Parham had some sloppy but hopeful eisegesis. There is nothing in the scriptures that says that the apostles were 'preaching the Gospel' in Acts 2. Speaking in tongues did get some attention, then Peter stood up and ___preached___ the gospel. There is nothing in Acts 2 that guarantees when someone speaks in tongues, the language he speaks will be the language of the crowd gathered, or that anyone will understand. I Corinthians 14 says when one speaks in tongues 'no man understandeth him.' That was more for a church setting. If the Holy Spirit wants to give someone the tongue of those present or if God sovereignly wants people present who understand the language spoken 'in tongues', then He an do so. But the scriptures do not guarantee this. Parham's idea that tongues would be used for world evangelism was hopeful guesswork, and it didn't pan out like he thought it would.

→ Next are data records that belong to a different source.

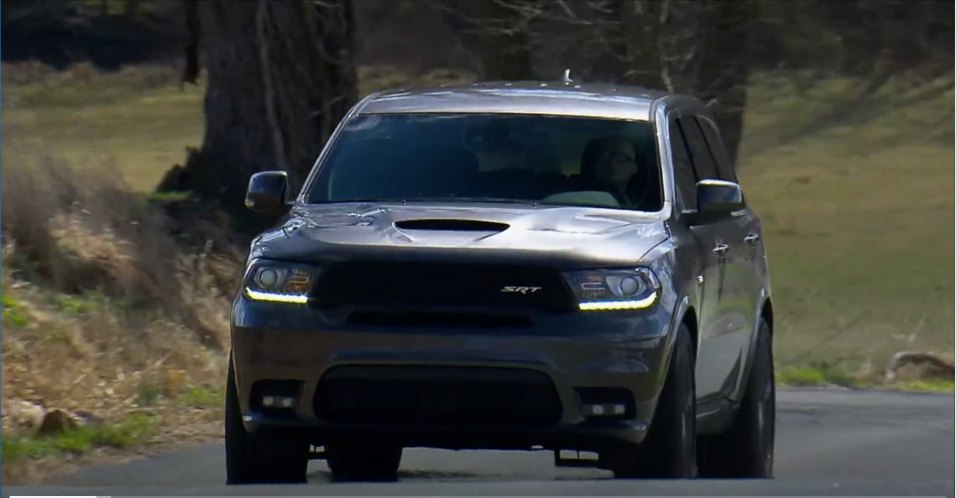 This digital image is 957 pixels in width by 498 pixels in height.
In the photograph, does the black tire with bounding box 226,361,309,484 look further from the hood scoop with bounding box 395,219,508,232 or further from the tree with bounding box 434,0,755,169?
the tree with bounding box 434,0,755,169

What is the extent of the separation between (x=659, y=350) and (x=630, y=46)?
9847 mm

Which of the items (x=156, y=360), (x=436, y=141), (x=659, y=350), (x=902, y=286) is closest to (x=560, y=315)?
(x=659, y=350)

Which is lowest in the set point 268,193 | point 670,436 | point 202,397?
point 202,397

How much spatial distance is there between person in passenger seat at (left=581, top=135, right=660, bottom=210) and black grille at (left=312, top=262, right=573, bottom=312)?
1100 millimetres

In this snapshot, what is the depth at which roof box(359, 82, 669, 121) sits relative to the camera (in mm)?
8945

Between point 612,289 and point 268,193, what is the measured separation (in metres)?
1.87

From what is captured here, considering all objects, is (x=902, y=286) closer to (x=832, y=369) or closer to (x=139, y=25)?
(x=832, y=369)

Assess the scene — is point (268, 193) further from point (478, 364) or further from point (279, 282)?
→ point (478, 364)

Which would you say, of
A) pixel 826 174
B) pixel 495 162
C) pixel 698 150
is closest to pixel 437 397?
pixel 495 162

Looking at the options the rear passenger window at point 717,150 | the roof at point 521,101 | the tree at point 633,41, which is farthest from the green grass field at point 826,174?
the roof at point 521,101

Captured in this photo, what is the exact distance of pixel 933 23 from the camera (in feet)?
76.5

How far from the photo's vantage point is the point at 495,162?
28.8 ft

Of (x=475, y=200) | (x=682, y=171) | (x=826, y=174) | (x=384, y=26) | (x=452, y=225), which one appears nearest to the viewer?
(x=452, y=225)

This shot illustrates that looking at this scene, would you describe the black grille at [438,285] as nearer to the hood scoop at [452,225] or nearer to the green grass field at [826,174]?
the hood scoop at [452,225] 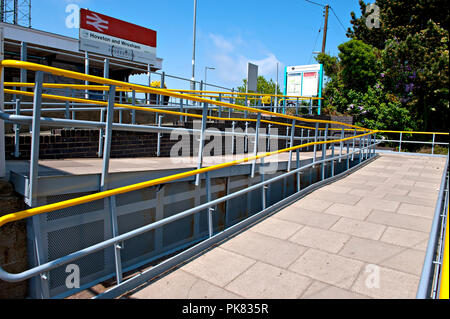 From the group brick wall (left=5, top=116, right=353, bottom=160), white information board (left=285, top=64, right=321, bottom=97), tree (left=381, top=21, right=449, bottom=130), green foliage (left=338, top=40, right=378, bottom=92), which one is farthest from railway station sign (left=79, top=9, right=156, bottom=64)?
tree (left=381, top=21, right=449, bottom=130)

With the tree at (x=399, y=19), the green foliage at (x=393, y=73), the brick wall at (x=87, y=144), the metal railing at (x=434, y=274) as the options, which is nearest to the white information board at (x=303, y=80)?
the green foliage at (x=393, y=73)

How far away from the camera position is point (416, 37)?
13555 millimetres

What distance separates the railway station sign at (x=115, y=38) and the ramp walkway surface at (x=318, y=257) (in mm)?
16697

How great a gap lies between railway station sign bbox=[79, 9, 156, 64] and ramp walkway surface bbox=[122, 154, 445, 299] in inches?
657

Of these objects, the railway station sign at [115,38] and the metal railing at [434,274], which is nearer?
the metal railing at [434,274]

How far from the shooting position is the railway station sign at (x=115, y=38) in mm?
17719

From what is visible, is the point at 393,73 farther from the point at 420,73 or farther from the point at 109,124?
the point at 109,124

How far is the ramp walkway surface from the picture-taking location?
104 inches

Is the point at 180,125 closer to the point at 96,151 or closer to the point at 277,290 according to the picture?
the point at 96,151

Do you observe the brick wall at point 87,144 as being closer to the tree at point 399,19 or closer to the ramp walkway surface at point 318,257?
the ramp walkway surface at point 318,257

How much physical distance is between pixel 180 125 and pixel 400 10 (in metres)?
16.5

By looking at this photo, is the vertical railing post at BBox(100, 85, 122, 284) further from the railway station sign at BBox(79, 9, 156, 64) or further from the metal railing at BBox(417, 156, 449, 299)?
the railway station sign at BBox(79, 9, 156, 64)

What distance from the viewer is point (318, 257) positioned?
10.5 feet

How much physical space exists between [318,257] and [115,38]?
19648 mm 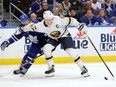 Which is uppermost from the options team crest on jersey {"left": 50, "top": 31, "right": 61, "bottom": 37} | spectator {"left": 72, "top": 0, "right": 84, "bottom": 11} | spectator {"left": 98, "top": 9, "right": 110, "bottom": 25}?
team crest on jersey {"left": 50, "top": 31, "right": 61, "bottom": 37}

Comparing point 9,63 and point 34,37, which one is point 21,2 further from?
point 34,37

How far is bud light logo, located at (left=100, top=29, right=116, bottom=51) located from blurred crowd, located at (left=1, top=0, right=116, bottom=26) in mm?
579

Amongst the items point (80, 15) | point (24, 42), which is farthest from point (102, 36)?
point (24, 42)

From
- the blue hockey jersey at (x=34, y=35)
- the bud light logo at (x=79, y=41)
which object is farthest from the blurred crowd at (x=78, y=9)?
the blue hockey jersey at (x=34, y=35)

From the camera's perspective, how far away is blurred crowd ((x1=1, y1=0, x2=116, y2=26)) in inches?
428

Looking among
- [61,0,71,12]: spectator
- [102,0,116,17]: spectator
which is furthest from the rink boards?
[102,0,116,17]: spectator

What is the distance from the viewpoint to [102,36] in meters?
10.4

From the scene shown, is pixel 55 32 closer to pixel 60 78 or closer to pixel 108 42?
pixel 60 78

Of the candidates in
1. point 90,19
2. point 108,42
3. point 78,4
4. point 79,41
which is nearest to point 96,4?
point 78,4

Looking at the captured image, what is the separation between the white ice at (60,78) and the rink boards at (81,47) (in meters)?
0.41

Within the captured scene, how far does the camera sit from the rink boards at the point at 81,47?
9.82 metres

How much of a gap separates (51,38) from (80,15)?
3501mm

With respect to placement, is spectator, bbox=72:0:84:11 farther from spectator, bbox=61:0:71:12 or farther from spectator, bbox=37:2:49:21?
spectator, bbox=37:2:49:21

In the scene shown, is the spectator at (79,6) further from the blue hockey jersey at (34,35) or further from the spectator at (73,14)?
the blue hockey jersey at (34,35) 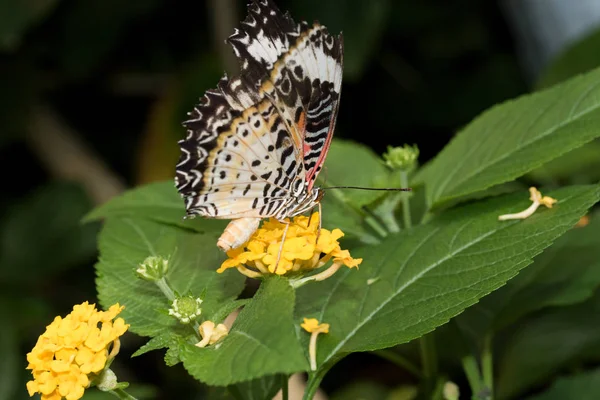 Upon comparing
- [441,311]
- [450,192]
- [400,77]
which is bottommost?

On the other hand, there were many experiences in the early Pentecostal movement, from Topeka to Azusa and elsewhere, where one spoke in tongues and others understood. According to the historian Vinson Synon, Agnes Ozman's speaking in tongues was identified as Chinese by someone who worked in a Chinese laundry according to 'some of their papers.' I read a few days later, a Bohemian brother understood her speaking in tongues in Bohemian, which we would now call Czech. There were numerous experiences of people hearing speaking in tongues in their own languages or others identifying them in the movement. This has been an occasional ongoing thing with missionaries also.

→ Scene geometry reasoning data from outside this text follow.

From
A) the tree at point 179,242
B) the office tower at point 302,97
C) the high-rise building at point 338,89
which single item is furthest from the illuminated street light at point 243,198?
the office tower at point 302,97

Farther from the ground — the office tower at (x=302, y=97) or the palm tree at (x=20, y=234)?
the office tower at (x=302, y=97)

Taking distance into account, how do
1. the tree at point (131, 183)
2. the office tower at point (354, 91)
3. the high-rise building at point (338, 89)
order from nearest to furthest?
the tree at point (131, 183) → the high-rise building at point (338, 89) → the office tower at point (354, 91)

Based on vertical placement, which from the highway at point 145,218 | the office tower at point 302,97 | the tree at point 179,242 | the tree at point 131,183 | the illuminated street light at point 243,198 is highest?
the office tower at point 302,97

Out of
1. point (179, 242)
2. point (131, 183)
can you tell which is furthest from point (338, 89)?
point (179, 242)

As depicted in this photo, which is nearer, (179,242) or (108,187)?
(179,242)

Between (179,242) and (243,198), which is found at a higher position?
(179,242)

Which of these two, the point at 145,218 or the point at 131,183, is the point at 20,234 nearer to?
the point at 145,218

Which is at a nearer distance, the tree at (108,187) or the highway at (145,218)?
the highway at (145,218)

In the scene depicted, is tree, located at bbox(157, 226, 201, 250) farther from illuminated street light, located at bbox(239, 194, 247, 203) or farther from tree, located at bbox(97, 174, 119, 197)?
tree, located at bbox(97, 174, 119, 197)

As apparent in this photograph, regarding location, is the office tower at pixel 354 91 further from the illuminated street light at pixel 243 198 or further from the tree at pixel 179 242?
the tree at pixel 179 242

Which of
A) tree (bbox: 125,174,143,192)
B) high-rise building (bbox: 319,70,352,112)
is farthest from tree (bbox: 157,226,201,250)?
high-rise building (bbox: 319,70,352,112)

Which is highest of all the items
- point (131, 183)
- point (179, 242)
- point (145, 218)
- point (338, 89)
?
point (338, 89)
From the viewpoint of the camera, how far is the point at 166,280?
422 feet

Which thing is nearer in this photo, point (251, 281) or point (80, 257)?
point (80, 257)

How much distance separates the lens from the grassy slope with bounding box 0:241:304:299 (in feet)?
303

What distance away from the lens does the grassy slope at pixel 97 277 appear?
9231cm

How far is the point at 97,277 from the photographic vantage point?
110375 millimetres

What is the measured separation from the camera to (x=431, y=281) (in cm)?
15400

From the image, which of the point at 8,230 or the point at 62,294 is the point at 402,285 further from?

AG Garr was at the Azusa Street Revival. At some point, he spoke in tongues, but it was different from what he had spoken previously in tongues, and someone indicated to him that it was Bangla. But when he went to India, he found he could not just preach in tongues in the local language.
But someone may say, most people don't even know any of this so how could this be true for them. That's fair, they probably aren't aware. But something happened back in the early 1900s that caused Pentecostalism to go down the road of babble. I believe it was probably so they could avoid any more embarrassing situations like what happened to Parham and his missionaries.

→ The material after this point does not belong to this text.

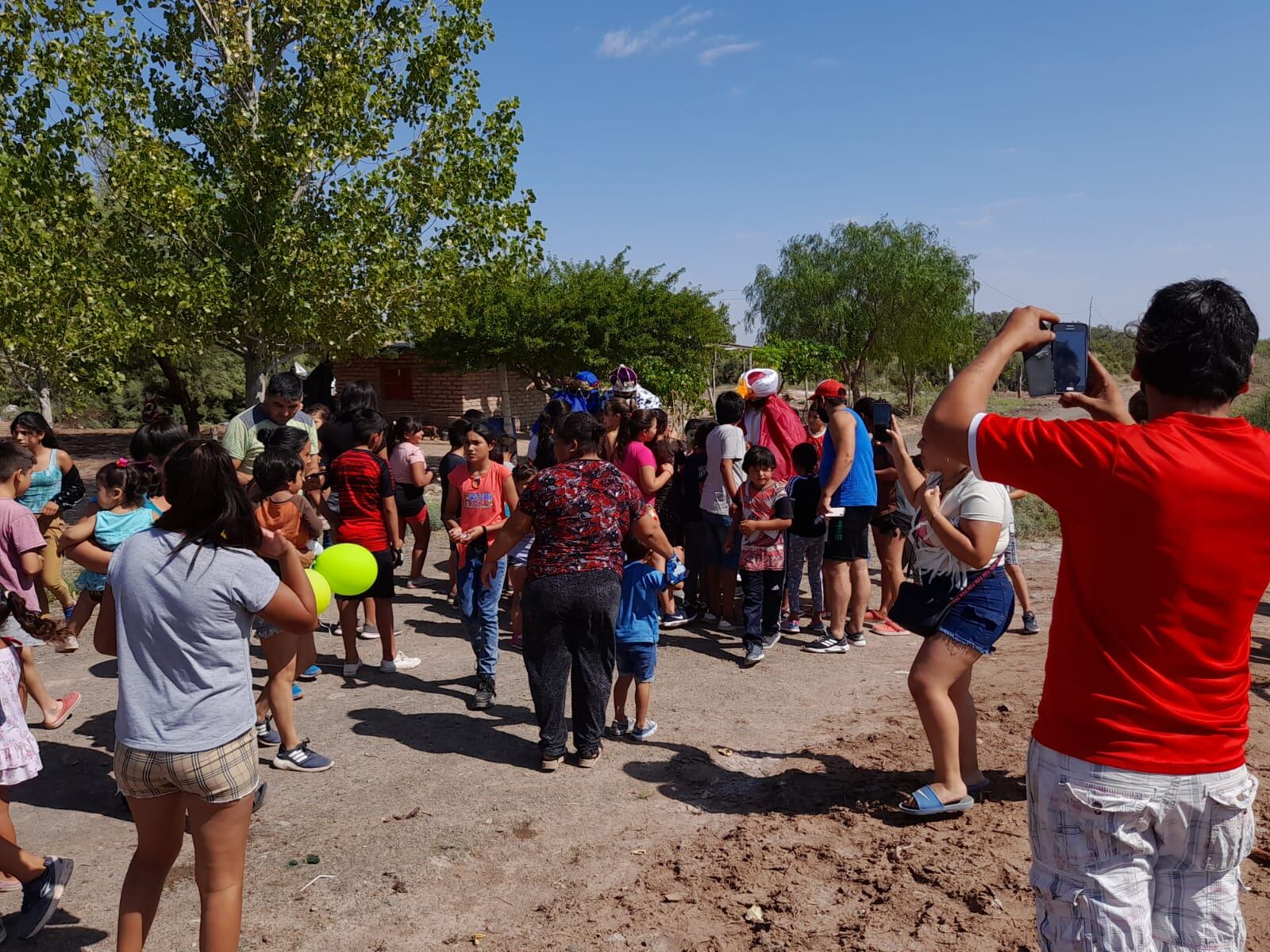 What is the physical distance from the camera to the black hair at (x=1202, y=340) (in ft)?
6.50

I don't know that every claim of speaking in tongues is the genuine gift. I wouldn't venture to make such a statement. Doctrinally, I would expect tongues to be the 'tongues of men and of angels' like scripture says. If you ask a Pentecostal preacher who has studied the Bible and has a gift of teaching what speaking in tongues is, he is like to say 'the tongues of men and even of angels.'
There are people who take a reactionary theological position against speaking in tongues who insist that 'tongues of angels' is hyperbole. But the idea of angelic tongues was bouncing around as a real thing, at least in intertestamental literature. In the passage, giving all to the poor is possible, giving one's body to the poor is possible. Moving mountains with faith is possible. If you take Jesus' teaching as a metaphor--that's possible. If He meant it literally, then that's possible. Why must speaking in tongues of angels be impossible?